La future Constitution doit-elle instaurer un régime présidentiel ou parlementaire ?

L’enjeu n’est pas tant son appellation que le dispositif constitutionnel que nous allons mettre en place pour équilibrer les pouvoirs. Il faut instaurer des contre-pouvoirs à tous les niveaux pour empêcher les abus. Nous pensons qu’un régime semi-présidentiel ou semi-parlementaire conviendrait à notre pays.

Les relations entre le Burkina Faso et la Côte d’Ivoire se sont-elles améliorées ?

Elles doivent et ne peuvent que s’améliorer, à tous points de vue. Le Burkina et la Côte d’Ivoire partagent une longue histoire commune. Le peuple burkinabè et le peuple ivoirien sont des peuples frères.

Les accusations qui visent Guillaume Soro, le président de l’Assemblée nationale ivoirienne, soupçonné d’avoir soutenu le coup d’État de la mi-septembre au Burkina, peuvent-elles constituer un obstacle ?

La justice burkinabè travaille sur ce dossier et va se mettre en rapport avec la justice ivoirienne. L’objectif n’est pas de détruire nos relations bilatérales. Nos pays doivent collaborer, pour le bien-être de nos deux peuples, malgré les soubresauts de l’Histoire.

En tant que président de l’Assemblée nationale, vous serez probablement amené à croiser Guillaume Soro. Que lui direz-vous ce jour-là ?

Bonjour, mon frère.

Les partisans de l’ancien président Compaoré vous accusent d’être le principal artisan de sa chute. Quel a été votre rôle durant l’insurrection populaire des 30 et 31octobre 2014 ?

Blaise Compaoré est le principal responsable de sa chute. Il a refusé tous les conseils. Il a tenu jusqu’au bout à modifier la Constitution, contre l’avis du peuple, qui s’est mis en travers de son chemin «monarchique».

N’avez-vous pas encouragé les manifestants, d’une manière ou d’une autre ?

Je suis un élément du peuple. Comme d’autres, et comme la majorité des Burkinabè, je me suis opposé à cette volonté de modifier la Constitution.

Pourquoi les membres du clan Compaoré vous considèrent-ils comme l’homme à abattre ?

Je ne sais pas, mais j’aimerais le savoir. Il faudrait leur poser la question.

Je trouve indécent que Compaoré ait adopté la nationalité ivoirienne pour tenter d’échapper au jugement du peuple burkinabè

Que vous inspirent l’exil de Blaise Compaoré et sa naturalisation en Côte d’Ivoire ?

Je trouve indécent qu’il ait adopté la nationalité ivoirienne pour tenter d’échapper au jugement du peuple burkinabè.
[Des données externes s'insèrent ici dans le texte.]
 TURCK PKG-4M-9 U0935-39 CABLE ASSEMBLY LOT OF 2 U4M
Il devrait avoir le courage de venir répondre de ses actes dans son pays. Ce n’est pas parce qu’il a pris la nationalité ivoirienne que la justice burkinabè ne va pas le poursuivre ! Nous allons demander à la Côte d’Ivoire d’appliquer les accords en vigueur entre nos pays pour nous «ramener» Blaise Compaoré.

A-t-il joué un rôle dans le putsch raté de la mi-septembre 2015 ?
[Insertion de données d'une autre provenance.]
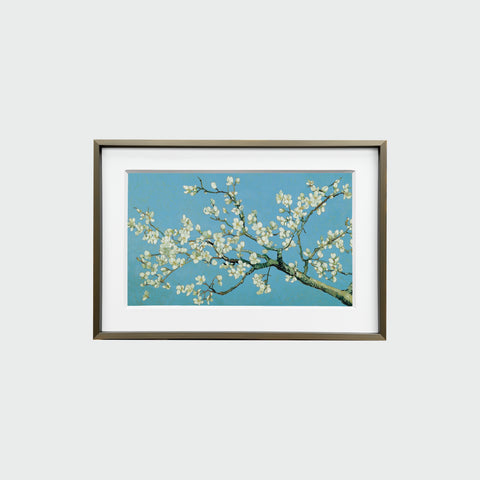 銅金色細框裱框的《杏花盛開》,枝條舒展於藍天背景,白花綻放清新亮麗。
Je ne peux l’affirmer, faute de preuves. Mais compte tenu du déroulement des faits et des acteurs en cause, il est évident que la galaxie Compaoré est derrière cette tentative de coup d’État.

Considérez-vous toujours Compaoré et ses proches comme une menace ?

Tant qu’ils adopteront des positions antidémocratiques et continueront de ramer à contre-courant de l’Histoire, ils représenteront des éléments de déstabilisation du pays.